Intermediate

Inf2 Instances

Deep dive into Amazon EC2 Inf2 instances powered by Inferentia2 chips — understanding instance sizes, NeuronCore configurations, memory, and how to choose the right instance for your inference workload.

Inf2 Instance Family Overview

Inf2 instances are powered by up to 12 AWS Inferentia2 chips, delivering up to 4x higher throughput and up to 10x lower latency compared to Inf1 instances. They feature NeuronLink chip-to-chip interconnect for running large models across multiple chips.

Instance Types and Specifications

InstanceInf2 ChipsNeuronCoresAccelerator MemoryvCPUsSystem Memory
inf2.xlarge1232 GB HBM416 GB
inf2.8xlarge1232 GB HBM32128 GB
inf2.24xlarge612192 GB HBM96384 GB
inf2.48xlarge1224384 GB HBM192768 GB

NeuronCore Architecture

Each Inferentia2 chip contains two NeuronCore-v2 engines optimized for tensor operations:

  • Tensor engine: High-performance matrix multiplication for transformer attention and linear layers
  • Vector engine: Element-wise operations, activations, and normalization
  • Scalar engine: Control flow and scalar computations
  • HBM2e memory: 32 GB per chip with high bandwidth for model weights and activations
💡
NeuronLink: On inf2.24xlarge and inf2.48xlarge, all Inferentia2 chips are connected via NeuronLink, enabling tensor parallelism across chips. This allows you to run large models (like Llama 2 70B) that don't fit in a single chip's memory by sharding the model across multiple NeuronCores.

Choosing the Right Instance

💻

inf2.xlarge

Best for small to medium models (BERT, DistilGPT-2) with moderate throughput requirements. Most cost-effective entry point.

inf2.8xlarge

Same chip as inf2.xlarge but with more vCPUs and memory for preprocessing-heavy workloads or multiple model serving.

🚀

inf2.24xlarge

6 chips with NeuronLink for large models (Llama 2 13B, GPT-J).

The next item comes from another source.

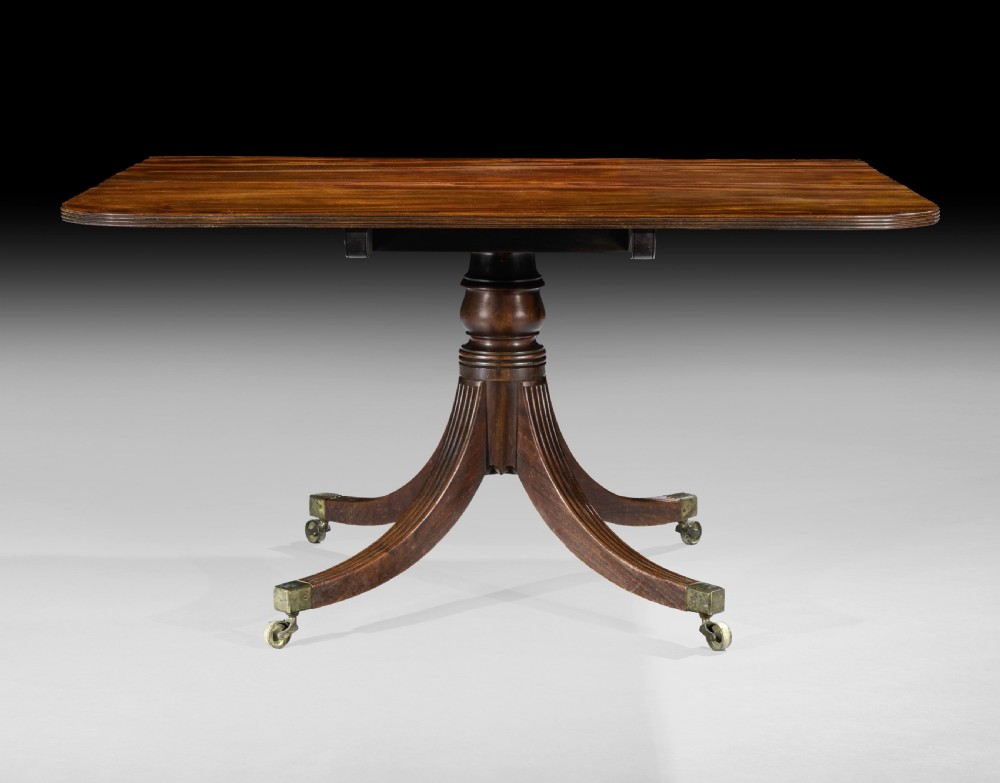 A long George III mahogany dining table featuring three reeded pedestal bases with splayed legs and brass castors. View III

Enables tensor parallelism across 12 NeuronCores.

📈

inf2.48xlarge

12 chips for the largest models (Llama 2 70B). Maximum throughput and memory for production LLM serving at scale.

Performance Considerations

  • Batch size: Larger batch sizes improve throughput but increase latency; tune based on your SLA
  • Sequence length: Longer sequences require more memory; consider dynamic batching
  • Tensor parallelism degree: Match the number of NeuronCores to your model size for optimal sharding
  • Data types: BF16 and FP16 are natively supported; FP32 models are automatically cast down
  • Compilation: Models must be compiled with the Neuron compiler before deployment
Pro tip: Start with the smallest instance that fits your model in memory, then scale up based on throughput requirements. Use neuron-top to monitor NeuronCore utilization and identify if you're compute-bound or memory-bound.